▸ **Data block**:

====

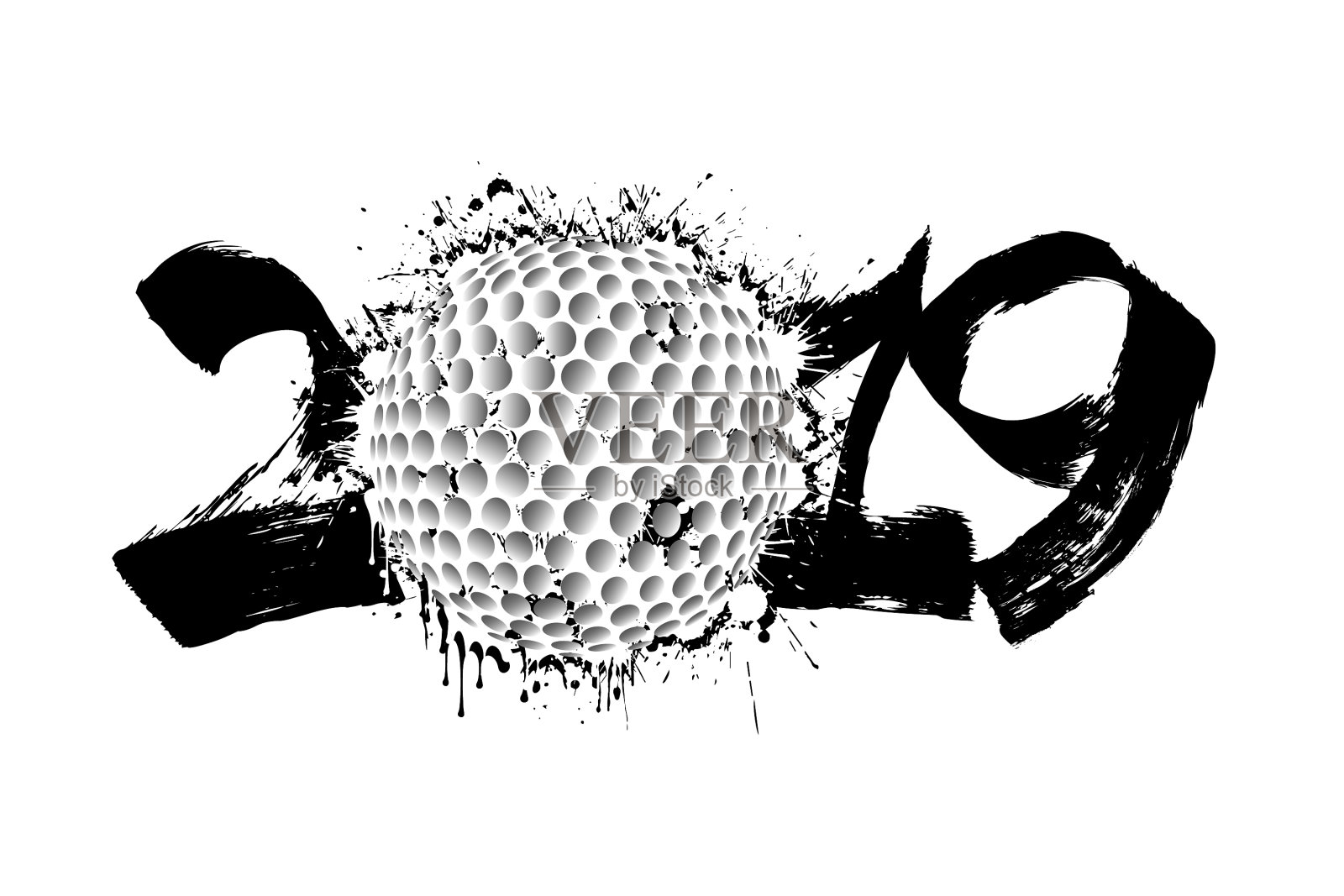 抽象数字2019和一个高尔夫球从污点设计元素图片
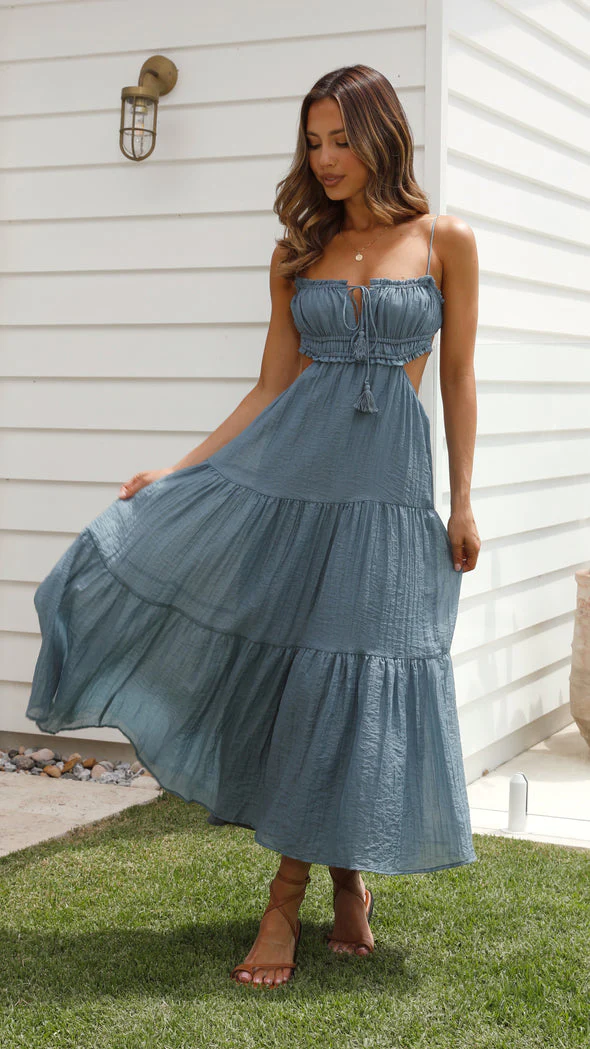 Women's Maxi Dress – Bohemian Style – Spaghetti Straps – Ruched Top – Cut-Out Waist - Image 8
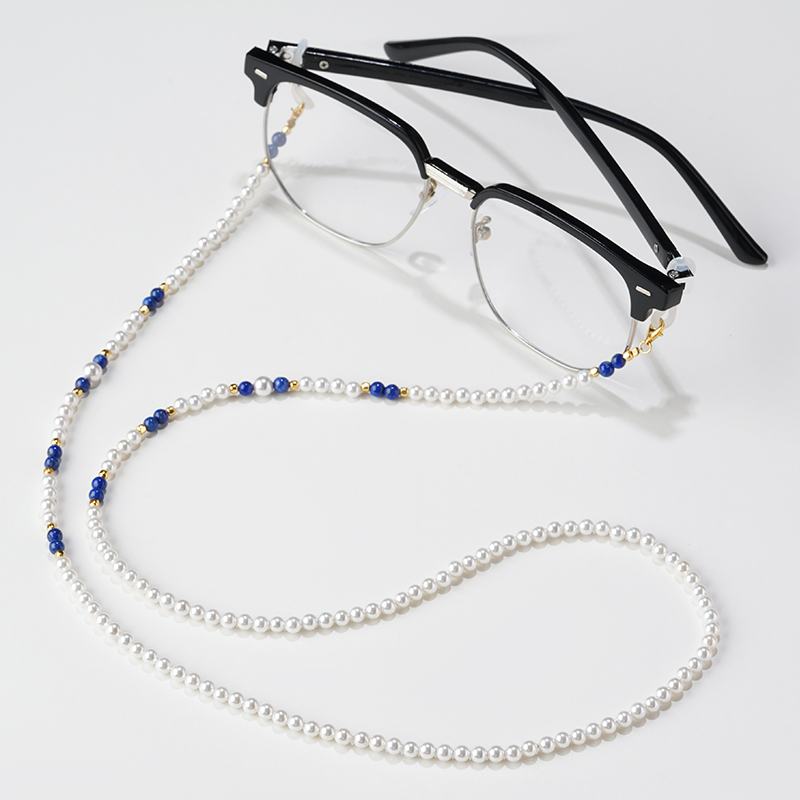 WENSSACC手工眼镜链高级施家珍珠青金石挂脖女墨镜口罩耳机挂链新 - 图1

====

Beginning with the line containing "Women's Maxi Dress" and ending with the last line of the data above, repeat each line exactly. Include no pictures and no other lines.

 Women's Maxi Dress – Bohemian Style – Spaghetti Straps – Ruched Top – Cut-Out Waist - Image 8
 WENSSACC手工眼镜链高级施家珍珠青金石挂脖女墨镜口罩耳机挂链新 - 图1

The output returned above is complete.